City officials are touting the expo, to be staged on a site nearly twice the size of New York's Central Park and involve up to US$25 billion in preparatory spending, as a coming-out celebration for a city where the landscape changes almost daily with new buildings.
Developers are hoping to cash in on deals for construction, commercial development and renovations, while exhibitors are readying their wares for the event's months-long run.
But lost in the hype and shuffle are people like Ba, who are being forcibly relocated. It has become a familiar scenario, as China puts individual rights on the back burner in favor of economic growth and development.
Still, as common as relocations have become in China, few can match this one for magnitude, with the resettlement expected to affect tens of thousands.
"My family has lived here for 200 years," says Ba, who runs a small restaurant on the site. "When we came back here after the Cultural Revolution our old home had been destroyed so I had to start again. Now we have to leave for good."
Ba said he expected to receive the equivalent of about US$1,000 in resettlement compensation, but added that this would be far from enough to buy a new home in his old neighborhood. He plans to stay in the area, though, while others are being moved to Minhang, a desolate industrial district south of the city center.
Such forced relocations are taking place across the country as China rushes to modernize, with new residential, commercial and industrial complexes springing up to replace older homes built during the Communist era and before.
In one of the biggest cases, more than 1 million people were forced from their homes to make way for the US$25 billion Three Gorges Dam, a massive public works project designed to better manage the Yangtze river's seasonal floods.

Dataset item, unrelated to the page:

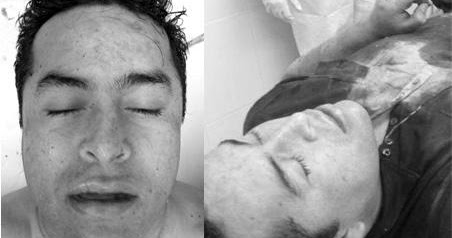 death crime scene lazca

Relocations have spawned much local discontent, playing a role in many of the 74,000 protests that took place in China in 2004, according to government figures.

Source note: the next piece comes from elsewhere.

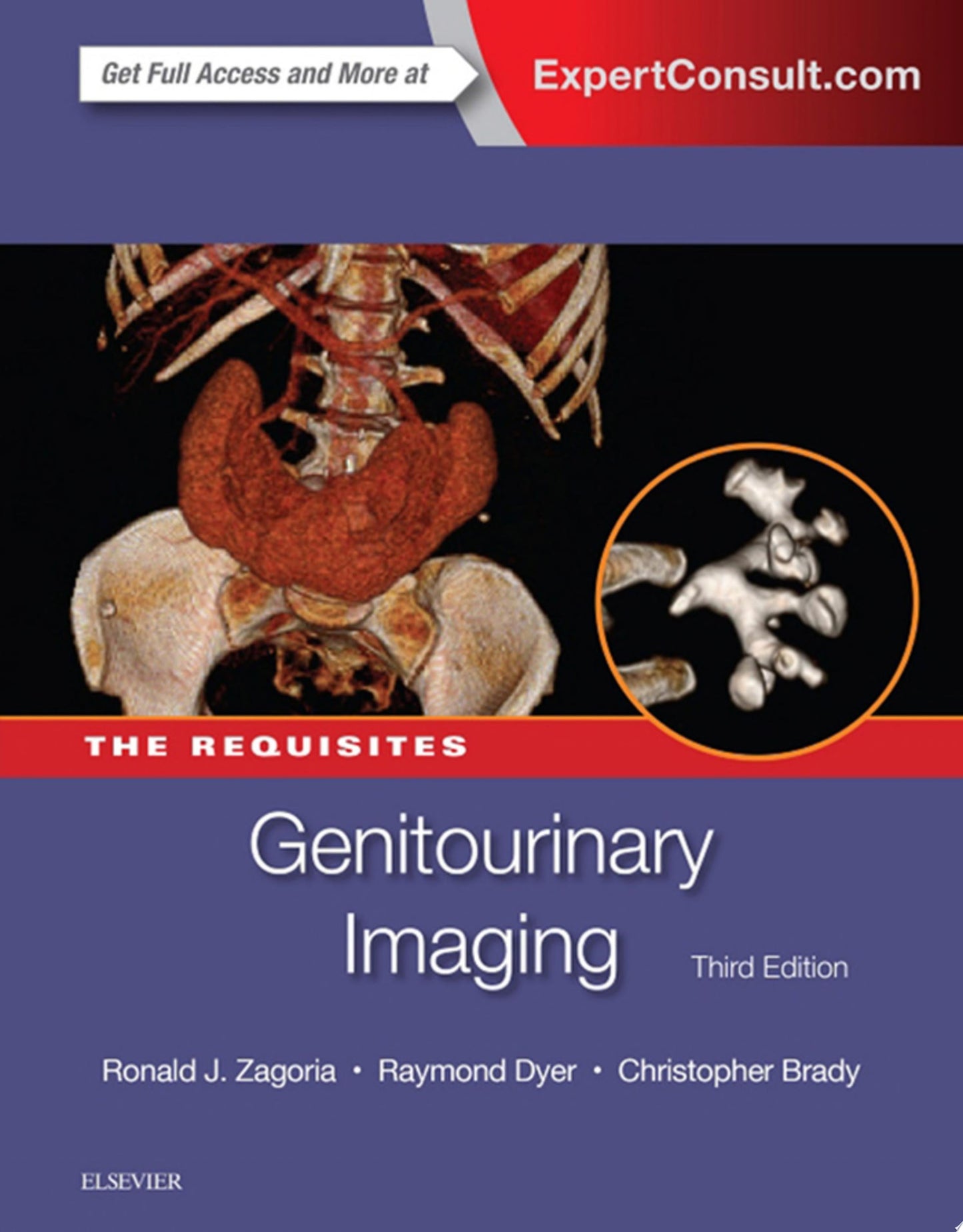 Genitourinary Imaging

Another expo-destined area in the path of the wrecking ball lies in the shadow of Shanghai's towering Nanpu bridge, which spans the busy Huangpu river.
The dirty, bustling residential neighborhood is a warren of traditional "shikumen" stone houses punctuated by red windows. All now bear the same hastily painted character on their walls, "chai," meaning "demolish."
"I've never lived anywhere else," says one middle-aged man, standing with his wife in the narrow alleyway outside his house, which is slated for demolition in a few weeks.
Also doomed is the 140-year old Jiangnan shipyard, the international commercial shipyard built under Qing dynasty Prime Minister Li Hongzhang, which employed many of China's first generation of industrial workers.
Jiangnan and most of its 10,500 employees are to move later this year to Changxing island in the nearby Yangtze river. The company declined to answer questions about the relocation.
While many are leaving their homes reluctantly, shipyard worker Gao Shufei is one of a number who are more than happy to abandon dilapidated surroundings - many lacking even washing facilities - for newer homes and offices in the suburbs.
"It's good we're moving this October," said Gao. "The new place is much more up-to-date. It will be a better place to work."
Many also argue that the inconvenience of those being relocated is a small price to pay for the broader economic benefits that urban redevelopment brings.
Veteran Shanghai real estate consultant Sam Crispin said that, despite the downside, expos tend to benefit their host cities.
"It's a great opportunity for Shanghai to show itself off worldwide," said Crispin, who once worked at the Brisbane Expo. "I'm not sure what it does for a city's economy, but it's good PR - a kind of business Olympics."